As in the previous solution, we’ll label the gems $p$, $q$, $r$ and use this notation for the respective probabilities as well. Moreover, we’ll work on computing the expected sequence length. Let $\mathbb{P}(n,k)$ be the probability that a sequence of gems has length $n$ and terminates with gem $k$. What we’d like to find is:

\[

\mathbb{E}[n] = \sum_{n=3}^\infty n \left( \mathbb{P}(n,p) + \mathbb{P}(n,q) + \mathbb{P}(n,r) \right)

\]

Taking a closer look at $\mathbb{P}(n,p)$, for example, we see that $\mathbb{P}(n,p)$ is the probability of the sequence consisting of $(n-1)$ $q$’s and $r$’s (at least one of each), and terminating with $p$. The probability of this happening is:

\[

\mathbb{P}(n,p) = p\left( (q+r)^{n-1} – q^{n-1} – r^{n-1} \right)

\]

since we must exclude the sequences consisting of all $q$’s or all $r$’s. Define: $f(x) = \sum_{n=3}^\infty n x^{n-1}$. Then we can write:

\begin{multline}

\mathbb{E}[n] = p\left( f(q+r)-f(q)-f(r) \right) \\

+ q\left( f(p+r)-f(p)-f(r) \right) \\

+ r\left( f(p+q)-f(p)-f(q) \right)

\end{multline}

So it remains to evaluate $f$. Notice that:

\[

f(x) = \sum_{n=3}^\infty n x^{n-1} = \frac{\mathrm{d}}{\mathrm{d}x} \sum_{n=3}^\infty x^n = \frac{\mathrm{d}}{\mathrm{d}x} \frac{x^3}{1-x} = \frac{3x^2-2x^3}{(1-x)^2}

\]

So that’s it! It remains to substitute $p=\tfrac12$, $q=\tfrac13$, $r=\tfrac16$, and to evaluate $\mathbb{E}[n]$. Doing so, we find $\mathbb{E}[n]=\tfrac{73}{10}$. Therefore, the expected number of common gems is $\mathbb{E}[p n]=\tfrac{73}{20}$.

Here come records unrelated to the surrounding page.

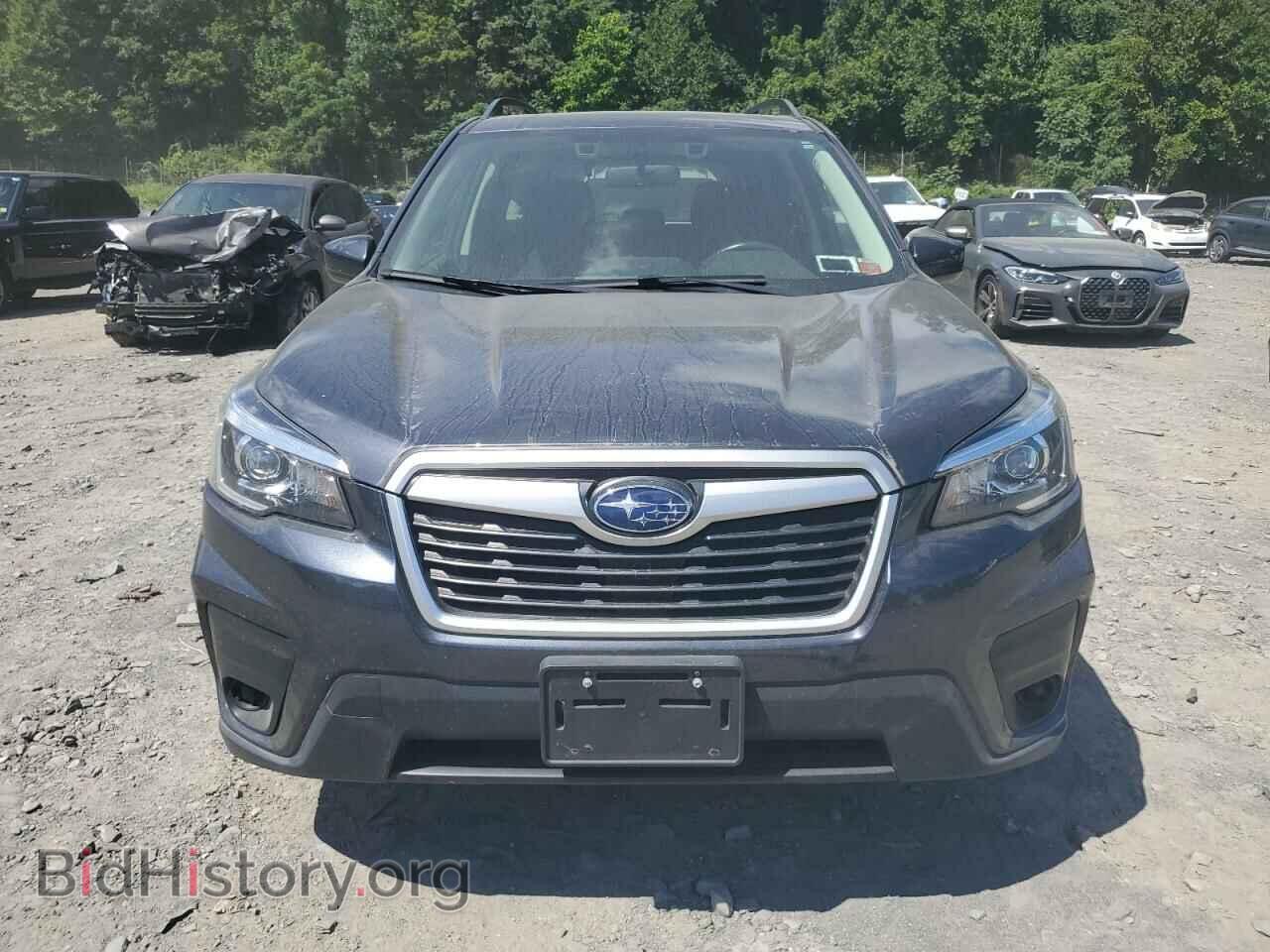 2019 SUBARU FORESTER - VIN: JF2SKAEC3KH497370 - Фото 5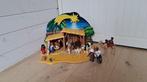 Playmobil 4884 kerststal + 5589 de 3 koningen, Kinderen en Baby's, Speelgoed | Playmobil, Ophalen of Verzenden, Zo goed als nieuw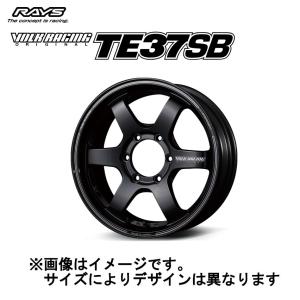 RAYS オプションカラー無料 RAYS VOLK RACING TE37SB 200系 ハイエース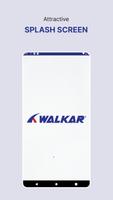 Poster Walkar Footwear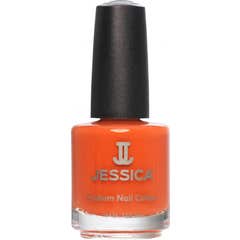 Jessica Custom Nail Colour Vernis de Unhas Bindi Red 14.8 ml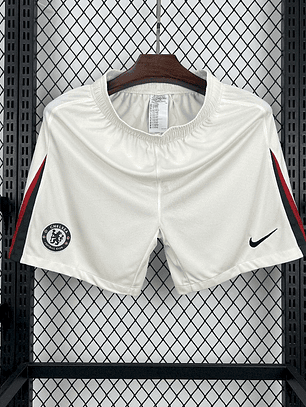 Calções Chelsea 2025/26 Away Shorts - S ao 2XL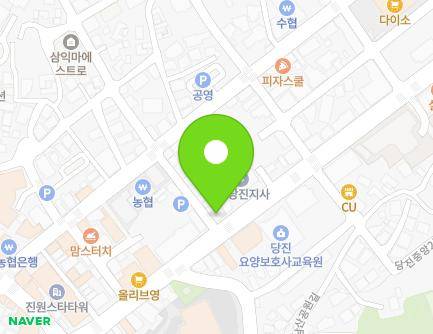 141 Dangjinjungang 2-ro, Dangjin-si, Chungcheongnam-do, Republic of Korea Map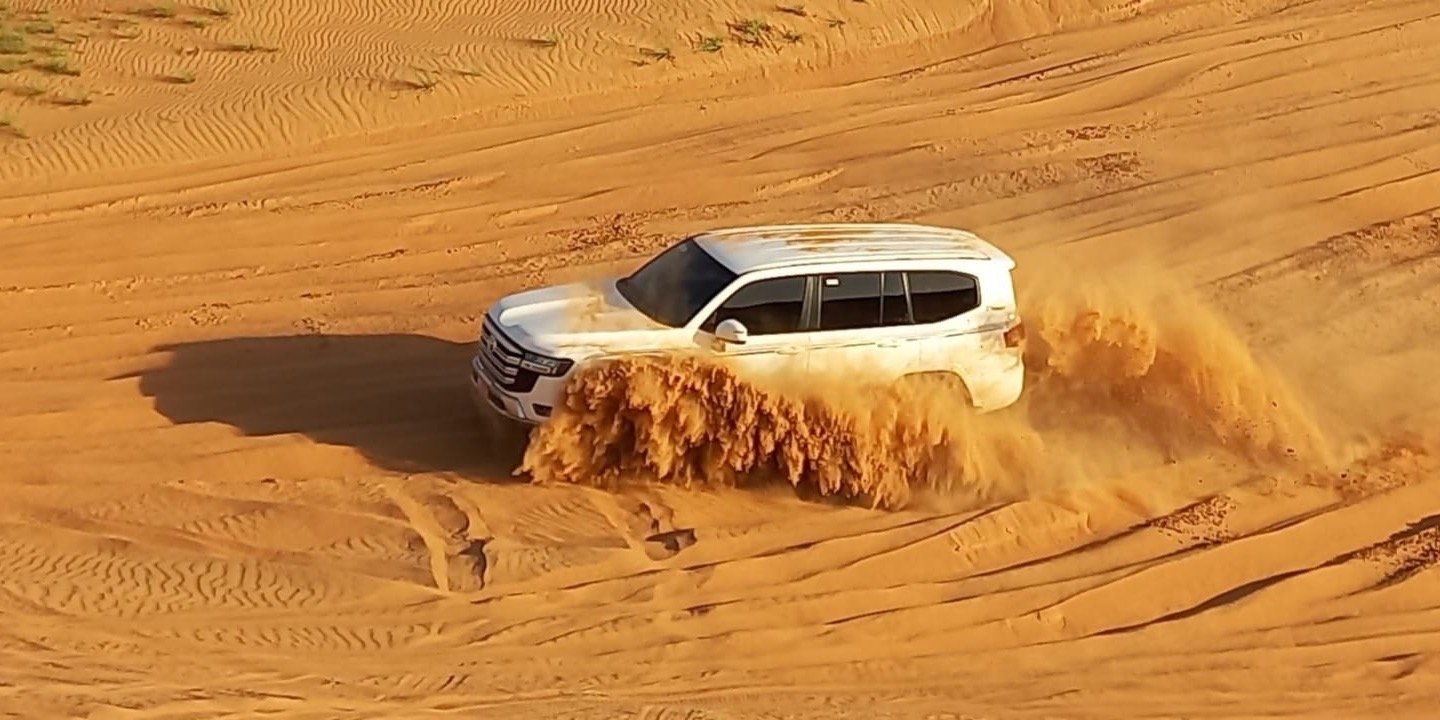 5 Must-Try Adventure Sports in Oman: Your Gateway to Thrills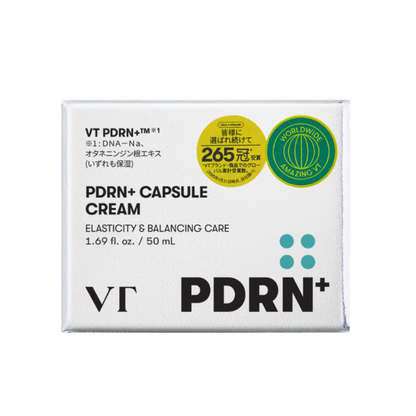 vt cosmetics PDRN+ カプセルクリーム100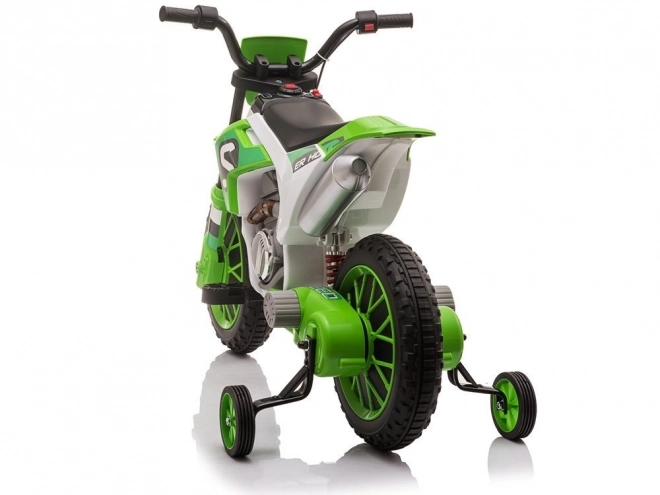 Baterie XMX616 pro motocykly zelená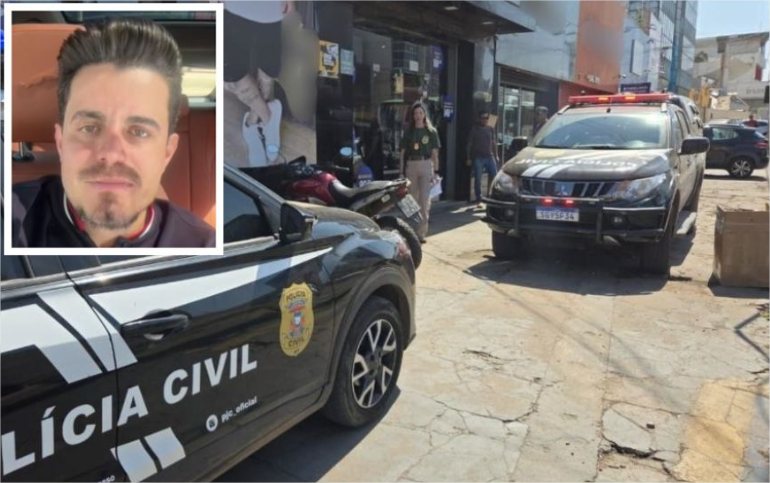 Polícia mira lojas por vender roupa falsificada; empresário reage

Yet another solution approach with very nice write-up can be found on Andrew Mascioli’s blog

I used linearity of expectation so I said the expected value of common gems is just the expected value of number of gems divided by 2. Then I said the probability of having for example something like after n gems at least one of the two more common gems and none of the least common type is (5/6)^n-(1/2)^n-(1/3)^n and similar for other expressions so from there it is easy to find probability of needing exactly (n+1) gems which we can then sum from n=2 to infinity and compute using arithmetico-geometric sequence sum ideas where you write a sum as a sum of sums where each sum in the sum telescope and then that bigger sum telescopes as well but it is messy and you get the correct answer. These are computationally sort of isomorphic but the intuition/broad idea motivating the solutions is slightly different perhaps or not depending on how you view it.

Good point about the linearity of expectation — I updated my solution to take this into account. It makes the recursions a bit simpler, and even more similar to the coin-flipping problem!